Weibel, et. al. Informational [Page 5] RFC 2413 Dublin Core Metadata for Resource Discovery September 1998

4.15. Rights Management Label: "Rights"

 A rights management statement, an identifier that links to a rights
 management statement, or an identifier that links to a service
 providing information about rights management for the resource.

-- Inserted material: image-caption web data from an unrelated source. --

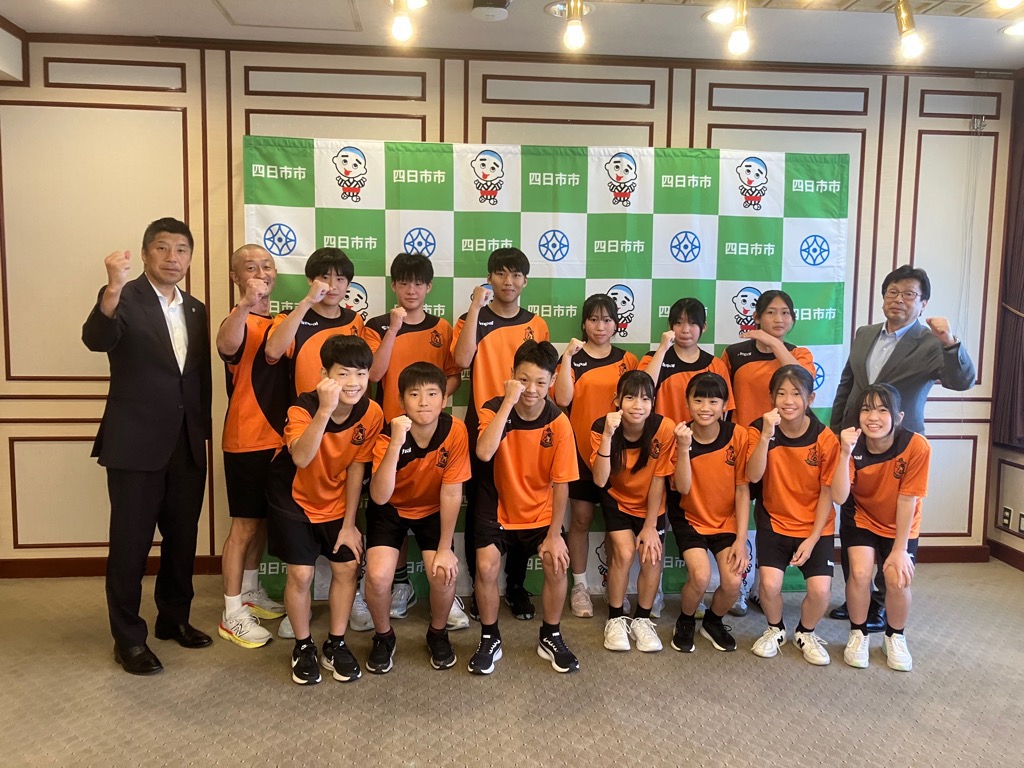 20260721 ヴィアティン三重ハンドボール表敬訪問.jpg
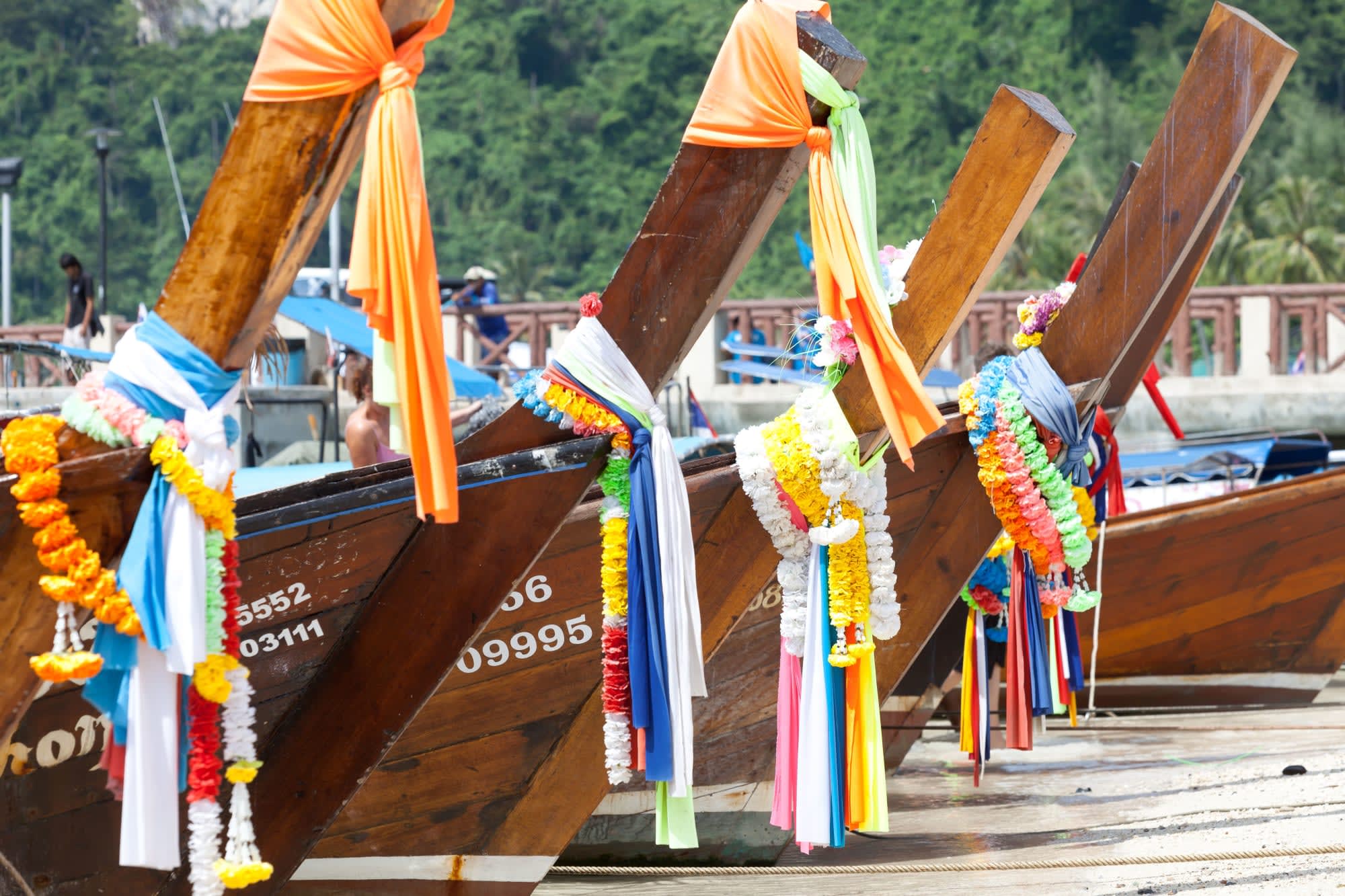 Inselhüpfen rund um Phuket: Thailand Ko Phi Phi Longtail Boote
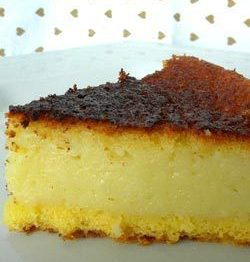 Bolo de milho com recheio cremoso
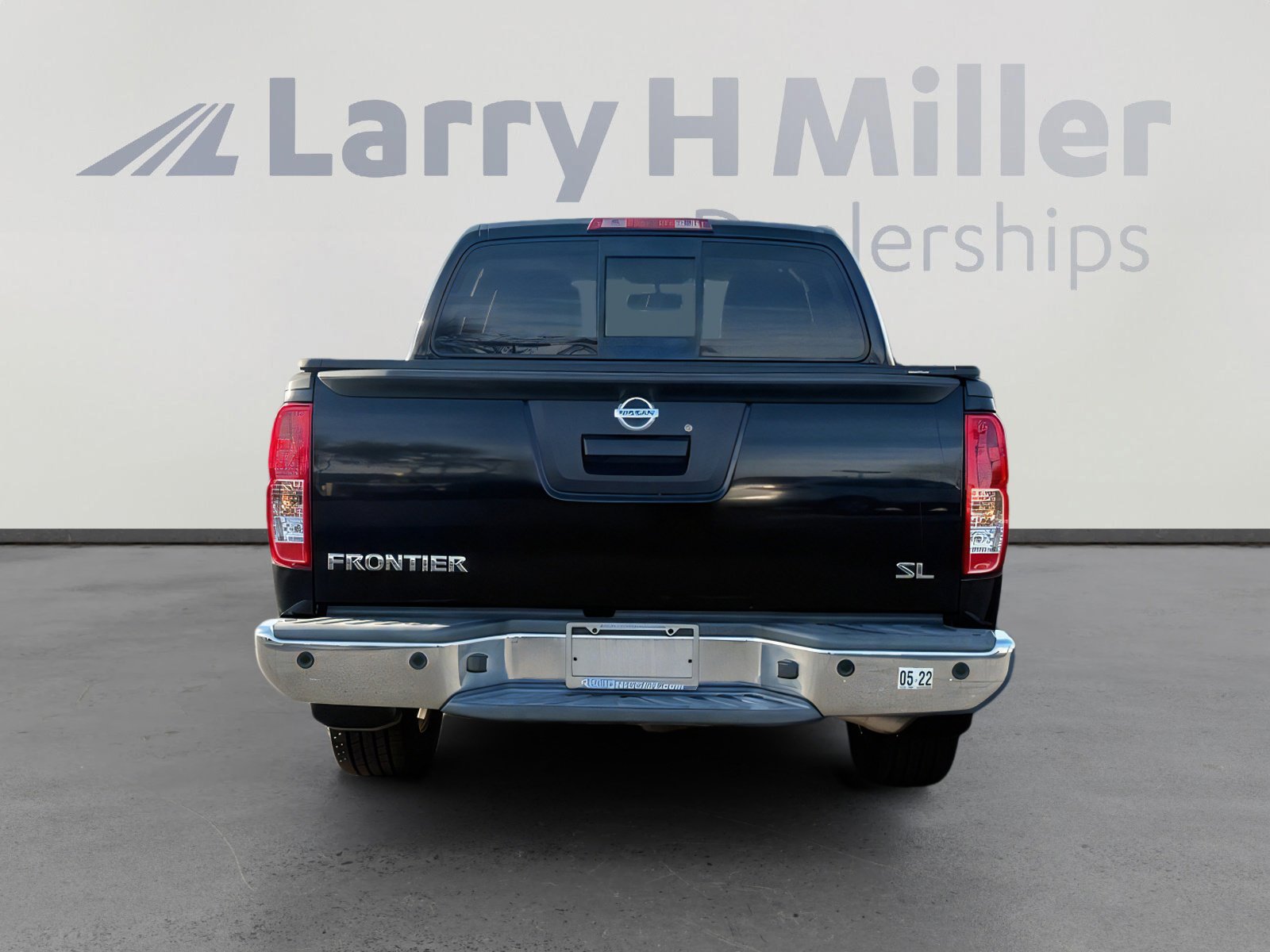 Used 2019 Nissan Frontier SL image 5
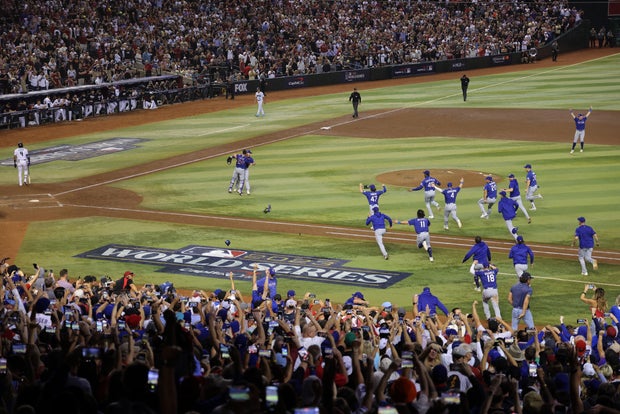World Series - Texas Rangers v Arizona Diamondbacks - Game Five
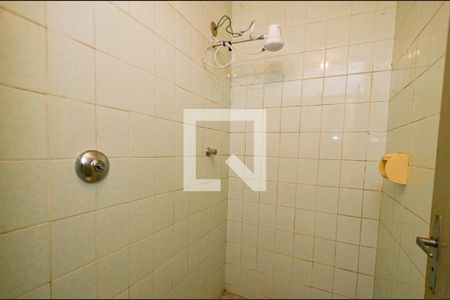 Banheiro Edicula 1 de casa à venda com 3 quartos, 257m² em Concórdia, Belo Horizonte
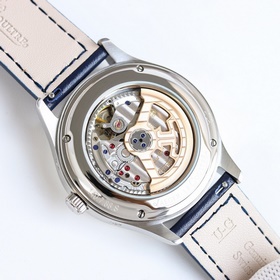Jaeger-LeCoultre представляет часы Master Calendar 1558420 серии 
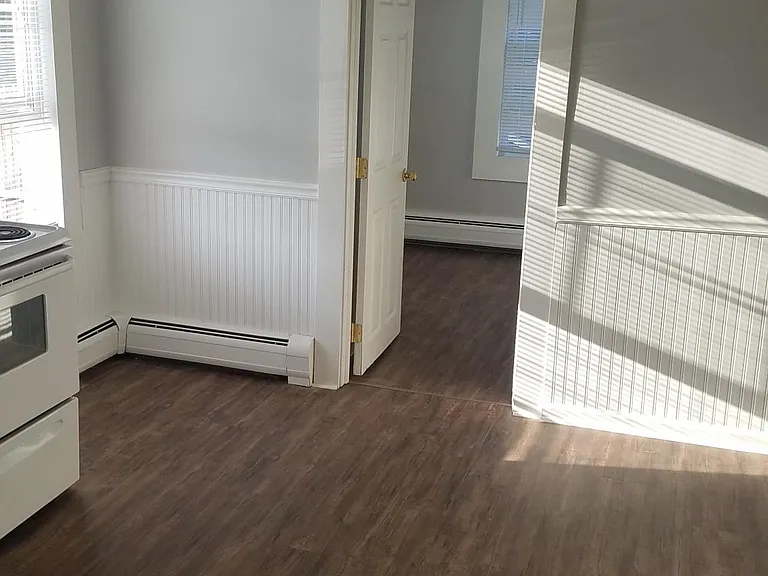 28 Liberty St #1 — Photo 13
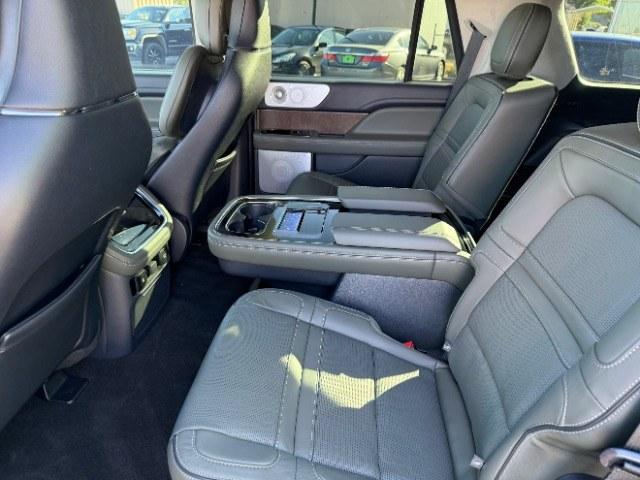 2022 Pristine White Metallic Tri-Coat /Urban Green w/Light Flint Stitch Lincoln Navigator Black Label (5LMJJ2TT4NE) with an EcoBoost 3.5L V-6 port/direct injection engine, located at 1865 East Red Hills Pkwy, St. George, 84770, (435) 628-0023, 37.120850, -113.543640- Photo#24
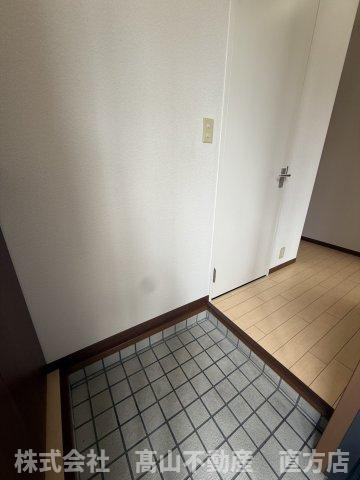 直方市大字感田のアパートの玄関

5. Security Considerations

 The Dublin Core element set poses no risk to computers and networks.
 It poses minimal risk to searchers who obtain incorrect or private
 information due to careless mapping from rich data descriptions to
 the simple Dublin Core scheme.  No other security concerns are likely
 to be raised by the element description consensus documented here.

6. References

 [1] Further information about the Dublin Core Metadata Element Set,
     http://purl.org/metadata/dublin_core
 [2] Extensible Markup Language (XML), http://www.w3.org/TR/REC-xml
 [3] Date and Time Formats (based on ISO 8601), W3C Technical Note,
     http://www.w3.org/TR/NOTE-datetime
 [4] Alvestrand, H., "Tags for the Identification of Languages", RFC
     1766, March 1995.

7. Authors' Addresses

 Stuart L. Weibel
 OCLC Online Computer Library Center, Inc.
 Office of Research
 6565 Frantz Rd.
 Dublin, Ohio, 43017, USA
 Phone: +1 614-764-6081
 Fax:   +1 614-764-2344
 EMail: weibel@oclc.org

Weibel, et. al. Informational [Page 6] RFC 2413 Dublin Core Metadata for Resource Discovery September 1998

 John A. Kunze
 Center for Knowledge Management
 University of California, San Francisco
 530 Parnassus Ave, Box 0840
 San Francisco, CA  94143-0840, USA
 Phone: +1 510-525-8575
 Fax:   +1 415-476-4653
 EMail: jak@ckm.ucsf.edu
 Carl Lagoze
 University Library and Department of Computer Science
 Cornell University
 Ithaca, NY  14853, USA
 Phone: +1 607-255-6046
 Fax:   +1 607-255-4428
 EMail: lagoze@cs.cornell.edu
 Misha Wolf
 Reuters Limited
 85 Fleet Street
 London EC4P 4AJ, UK
 Phone: +44 171-542-6722
 Fax:   +44 171-542-8314
 EMail: misha.wolf@reuters.com

Weibel, et. al. Informational [Page 7] RFC 2413 Dublin Core Metadata for Resource Discovery September 1998

8. Full Copyright Statement

 Copyright (C) The Internet Society (1998).  All Rights Reserved.
 This document and translations of it may be copied and furnished to
 others, and derivative works that comment on or otherwise explain it
 or assist in its implementation may be prepared, copied, published
 and distributed, in whole or in part, without restriction of any
 kind, provided that the above copyright notice and this paragraph are
 included on all such copies and derivative works.  However, this
 document itself may not be modified in any way, such as by removing
 the copyright notice or references to the Internet Society or other
 Internet organizations, except as needed for the purpose of
 developing Internet standards in which case the procedures for
 copyrights defined in the Internet Standards process must be
 followed, or as required to translate it into languages other than
 English.
 The limited permissions granted above are perpetual and will not be
 revoked by the Internet Society or its successors or assigns.
 This document and the information contained herein is provided on an
 "AS IS" basis and THE INTERNET SOCIETY AND THE INTERNET ENGINEERING
 TASK FORCE DISCLAIMS ALL WARRANTIES, EXPRESS OR IMPLIED, INCLUDING
 BUT NOT LIMITED TO ANY WARRANTY THAT THE USE OF THE INFORMATION
 HEREIN WILL NOT INFRINGE ANY RIGHTS OR ANY IMPLIED WARRANTIES OF
 MERCHANTABILITY OR FITNESS FOR A PARTICULAR PURPOSE.